◆ **Work to complete**
Nothing but the lines below from the one with "Vista 4 de MagicTech" through the one with "西甲巴塞罗那因杠杆争议被限期下月提交新财务方案直面财政压力考" should be output, each exactly as given, and no pictures.

BEGIN Material provided

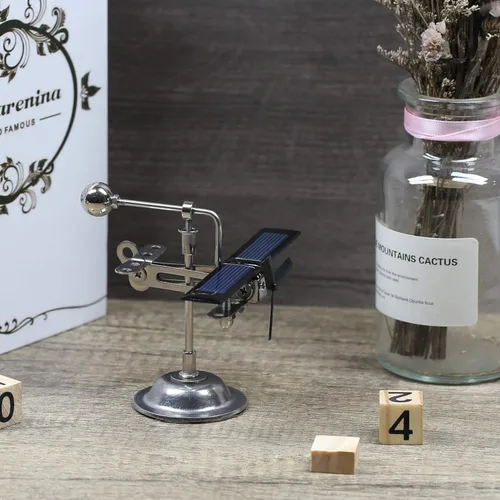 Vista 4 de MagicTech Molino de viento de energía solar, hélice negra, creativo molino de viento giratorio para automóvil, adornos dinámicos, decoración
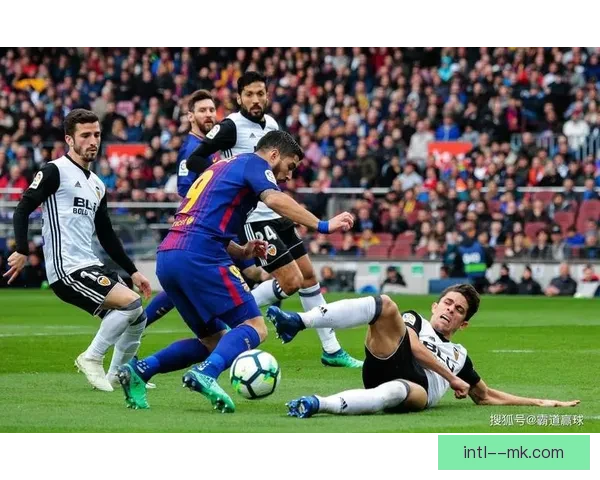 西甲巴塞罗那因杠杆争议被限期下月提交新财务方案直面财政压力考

END Material provided
BEGIN Material provided

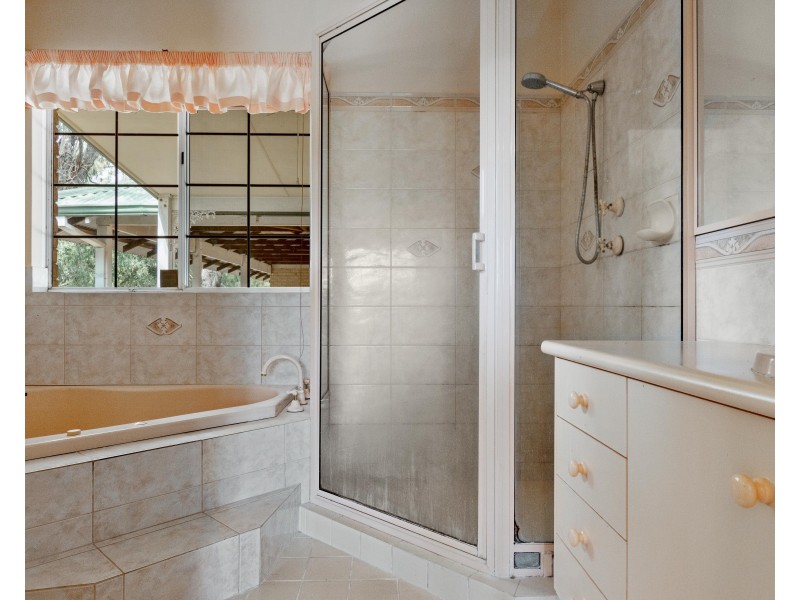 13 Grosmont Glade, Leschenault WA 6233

END Material provided

◆ **Expected answer**
 Vista 4 de MagicTech Molino de viento de energía solar, hélice negra, creativo molino de viento giratorio para automóvil, adornos dinámicos, decoración
 西甲巴塞罗那因杠杆争议被限期下月提交新财务方案直面财政压力考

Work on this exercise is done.